Prior to the development of the oral P2Y12 receptor blockers, many trials had shown the benefit of intravenous glycoprotein IIb/IIIa inhibitors. Their benefit, however, has been small (i.e., only a 10% reduction in death or MI, with a significant increase in major bleeding). Two recent studies failed to show a benefit of routine early initiation of a drug in this class compared with their use only in patients who undergo PCI. The addition of these agents to aspirin and a P2Y12 inhibitor (i.e., triple antiplatelet therapy) should be reserved for unstable patients with recurrent rest pain, elevated cTn, and ECG changes, as well as those who have a coronary thrombus evident on angiography when they undergo PCI. Anticoagulants
Four options are available for anticoagulant therapy to be added to antiplatelet agents: (1) unfractionated heparin (UFH), long the mainstay of therapy; (2) the low-molecular-weight heparin (LMWH), enoxaparin, which has been shown to be superior to UFH in reducing recurrent cardiac events, especially in patients managed by a conservative strategy but with some increase in bleeding; (3) bivalirudin, a direct thrombin inhibitor that is similar in efficacy to either UFH or LMWH but causes less bleeding and is used just prior to and/or during PCI; and (4) the indirect factor Xa inhibitor, fondaparinux, which is equivalent in efficacy to enoxaparin but appears to have a lower risk of major bleeding.

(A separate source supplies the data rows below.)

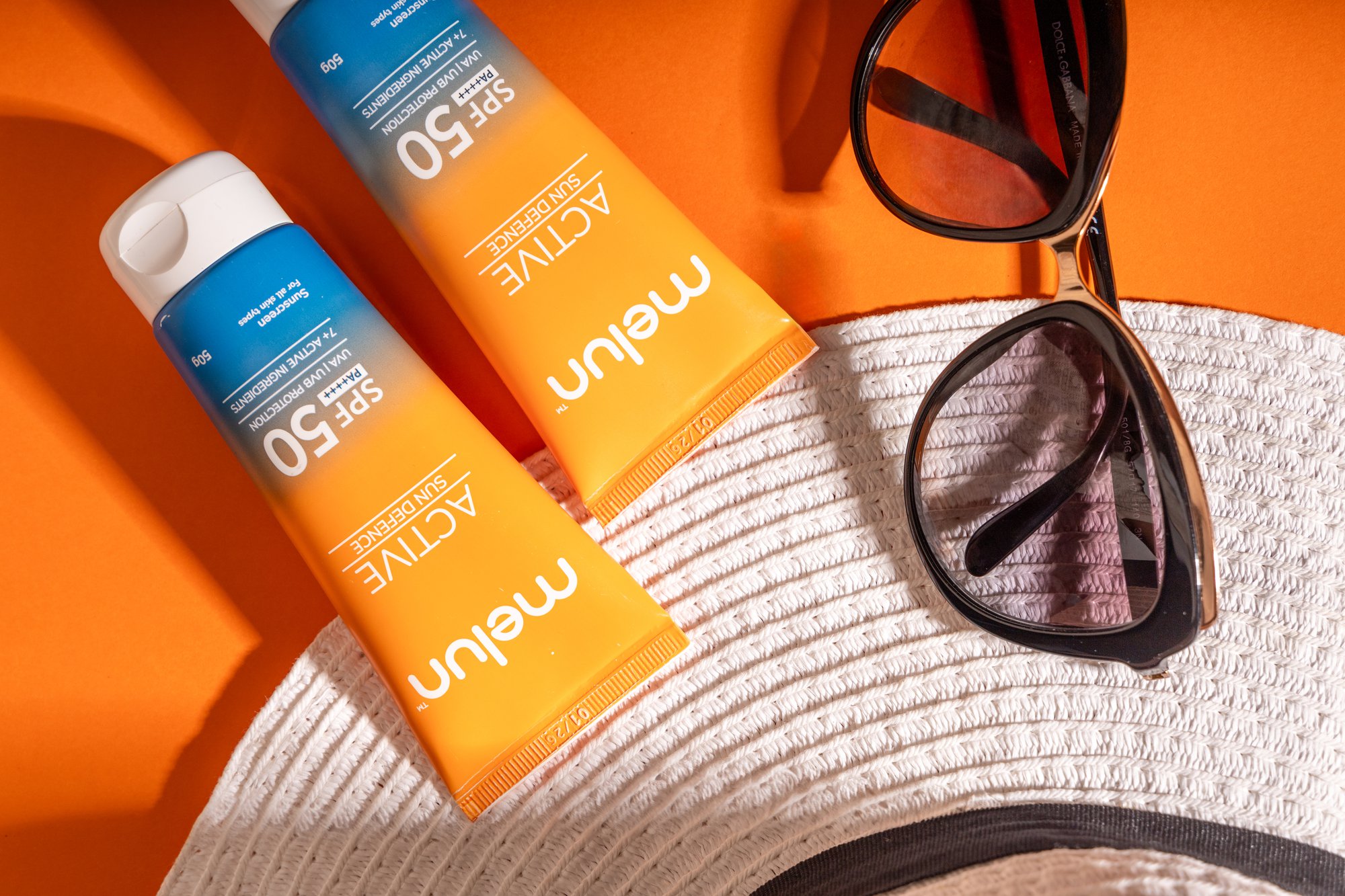 Two skincare products and a sunglass staged together for Product Photoshoot in Mumbai
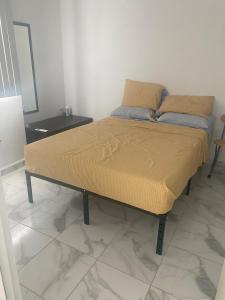 a bed sitting in a room with at Departamento Premium en Acapulco in La Sabana +9 photos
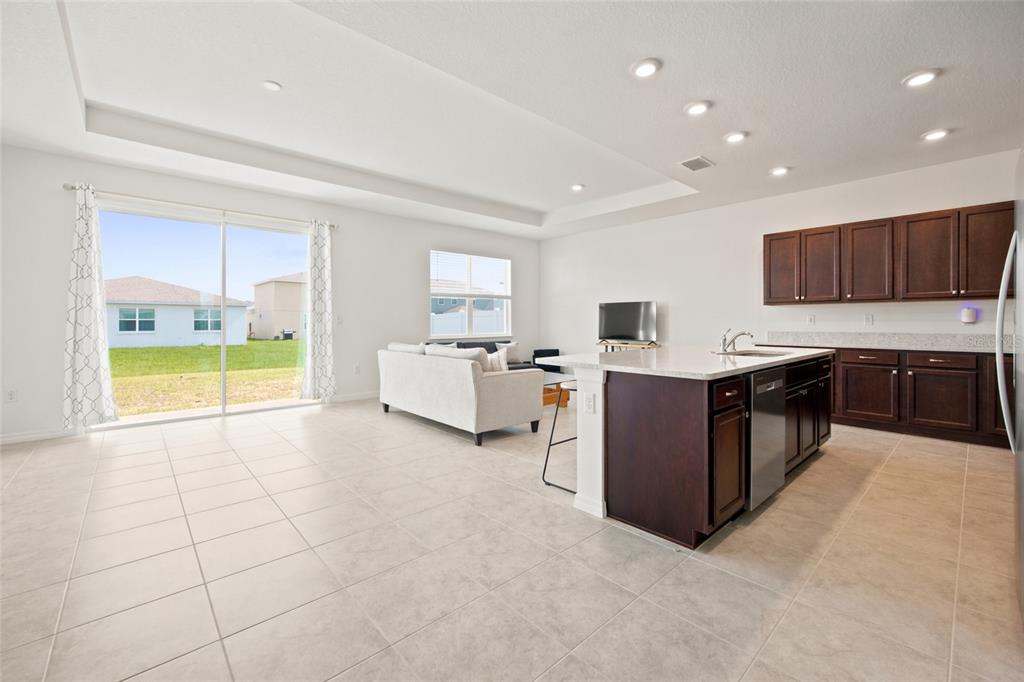 An open-concept kitchen and living area featuring dark wood cabinets, a kitchen island, and tile flooring — 7227 SW 58TH PLACE ROAD, OCALA, FL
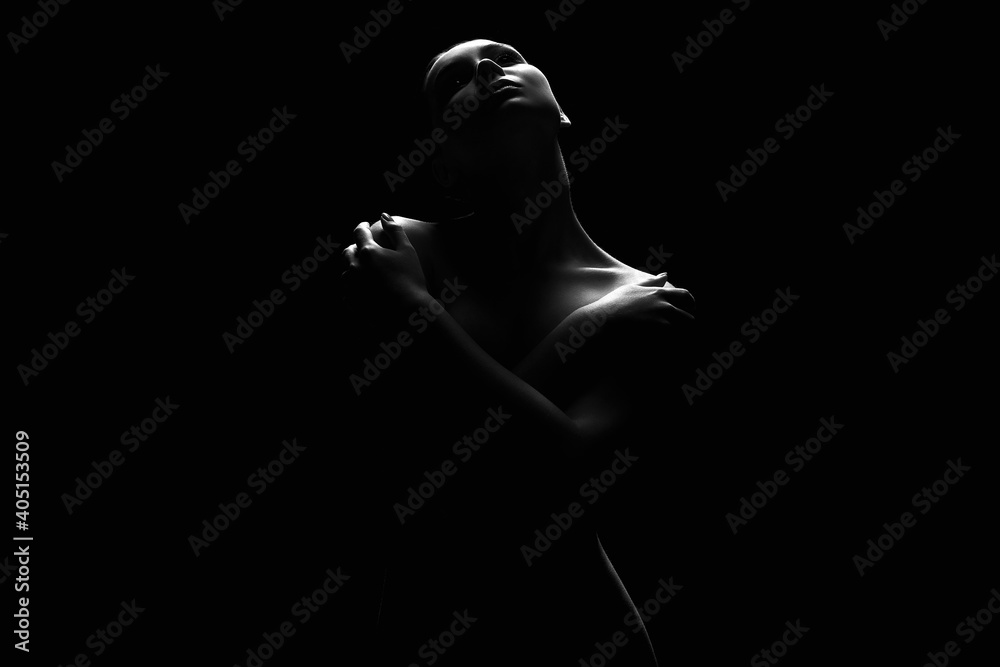 Fototapeta premium Nude Woman silhouette under light in the dark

Excessive bleeding is the most important adverse effect of all antithrombotic agents, including both antiplatelet agents and anticoagulants. Therefore, attention must be directed to the doses of antithrombotic agents, accounting for body weight, creatinine clearance, and a previous history of excessive bleeding, as a means of reducing the risk of bleeding. Patients who have experienced a stroke are at higher risk of intracranial bleeding with potent antiplatelet agents and combinations of antithrombotic drugs. INVASIVE VERSUS CONSERVATIVE STRATEGY
Multiple clinical trials have demonstrated the benefit of an early invasive strategy in high-risk patients (i.e., patients with multiple clinical risk factors, ST-segment deviation, and/or positive biomarkers) (Table 40-3). In this strategy, following treatment with anti-ischemic and antithrombotic agents, coronary arteriography is carried out within ∼48 h of presentation, followed by coronary revascularization (PCI or coronary artery bypass grafting), depending on the coronary anatomy. In low-risk patients, the outcomes from an invasive strategy are similar to those obtained from a conservative strategy. The latter consists of anti-ischemic and antithrombotic therapy followed by “watchful waiting,” in which the patient is closely observed and coronary arteriography is carried out only if rest pain or ST-segment changes recur, a biomarker of necrosis becomes positive, or there is evidence of severe ischemia on a stress test.